#### Exercise prompt:
From the listing below, reproduce word for word the part that opens with the line containing "podio de ganadores" and closes with the line containing "39, SANDERSON CLOSE, WHETSTONE, LEICESTER, LE8"; reproduce nothing else.
*** Opening The input ***
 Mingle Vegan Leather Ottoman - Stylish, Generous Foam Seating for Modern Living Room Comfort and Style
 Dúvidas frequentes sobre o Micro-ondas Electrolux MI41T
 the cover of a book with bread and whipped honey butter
*** Closing The input ***
*** Opening The input ***
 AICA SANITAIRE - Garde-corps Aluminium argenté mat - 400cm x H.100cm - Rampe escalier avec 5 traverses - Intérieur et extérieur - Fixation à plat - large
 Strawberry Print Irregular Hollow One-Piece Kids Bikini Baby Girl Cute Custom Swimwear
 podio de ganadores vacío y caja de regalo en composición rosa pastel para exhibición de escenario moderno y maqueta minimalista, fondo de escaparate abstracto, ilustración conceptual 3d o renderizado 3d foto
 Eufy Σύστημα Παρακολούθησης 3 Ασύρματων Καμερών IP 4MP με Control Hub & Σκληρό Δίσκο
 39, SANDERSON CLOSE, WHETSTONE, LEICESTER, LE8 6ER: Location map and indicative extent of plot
*** Closing The input ***
*** Opening The input ***
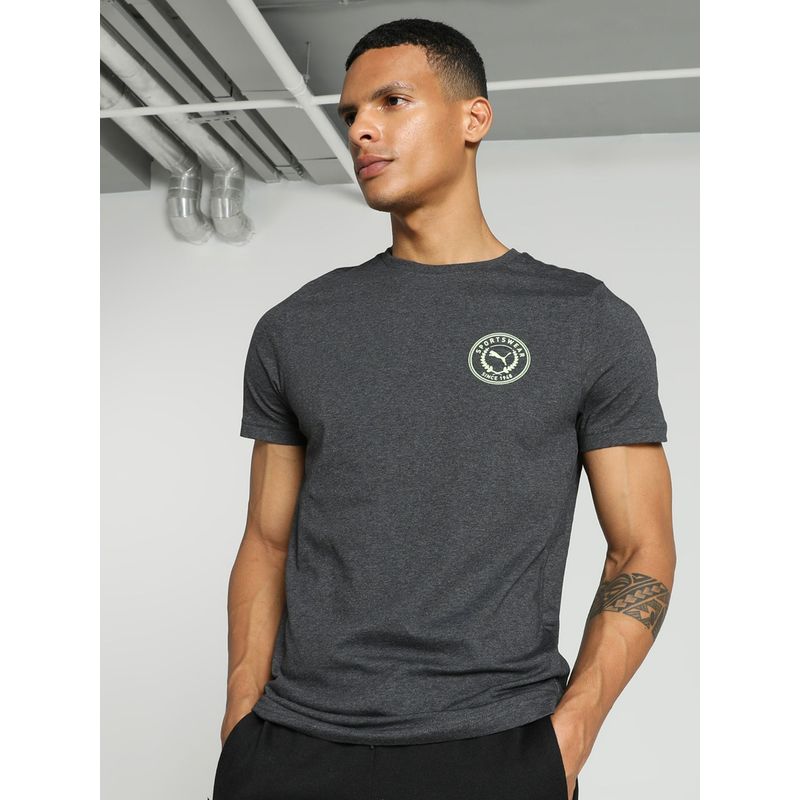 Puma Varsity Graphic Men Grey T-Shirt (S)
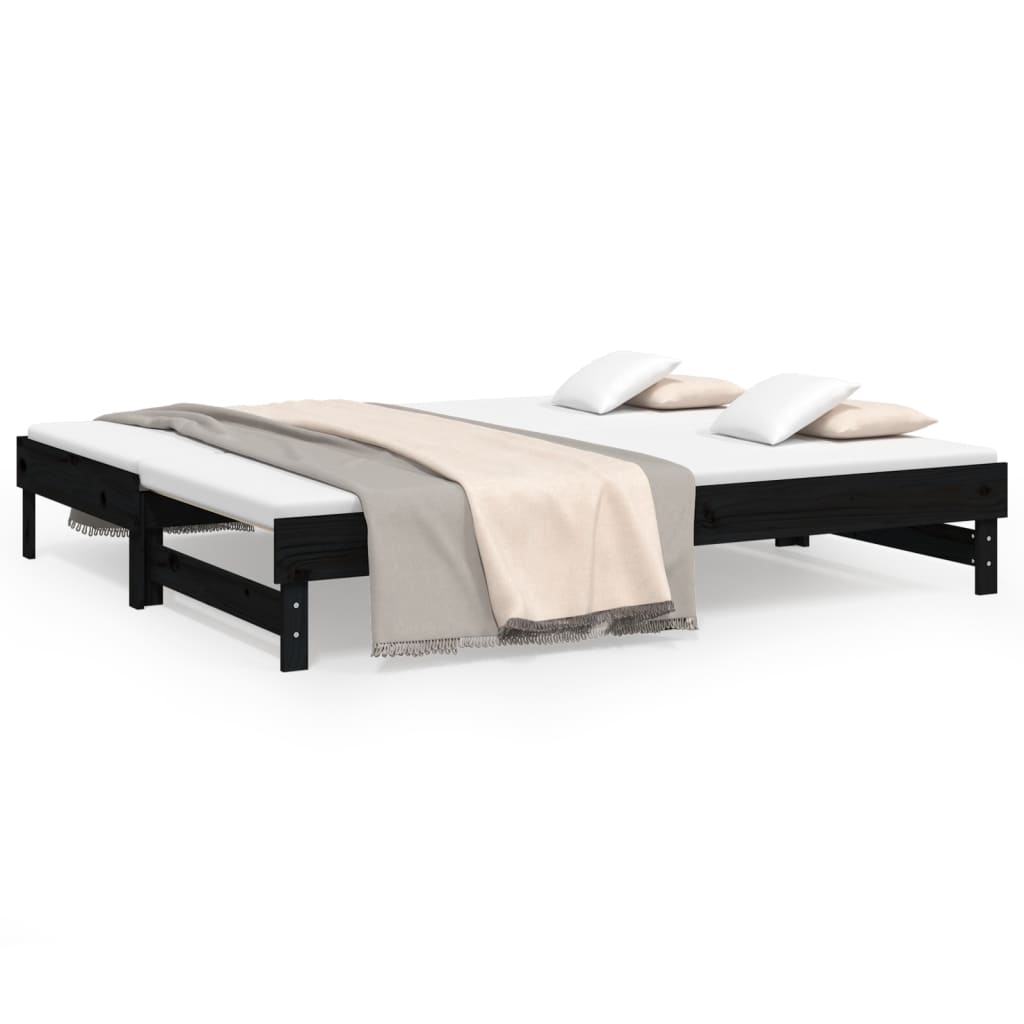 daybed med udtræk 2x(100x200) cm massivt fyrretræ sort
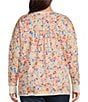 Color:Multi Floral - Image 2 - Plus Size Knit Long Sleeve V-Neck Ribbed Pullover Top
*** Closing The input ***
#### Output of the task:
 podio de ganadores vacío y caja de regalo en composición rosa pastel para exhibición de escenario moderno y maqueta minimalista, fondo de escaparate abstracto, ilustración conceptual 3d o renderizado 3d foto
 Eufy Σύστημα Παρακολούθησης 3 Ασύρματων Καμερών IP 4MP με Control Hub & Σκληρό Δίσκο
 39, SANDERSON CLOSE, WHETSTONE, LEICESTER, LE8 6ER: Location map and indicative extent of plot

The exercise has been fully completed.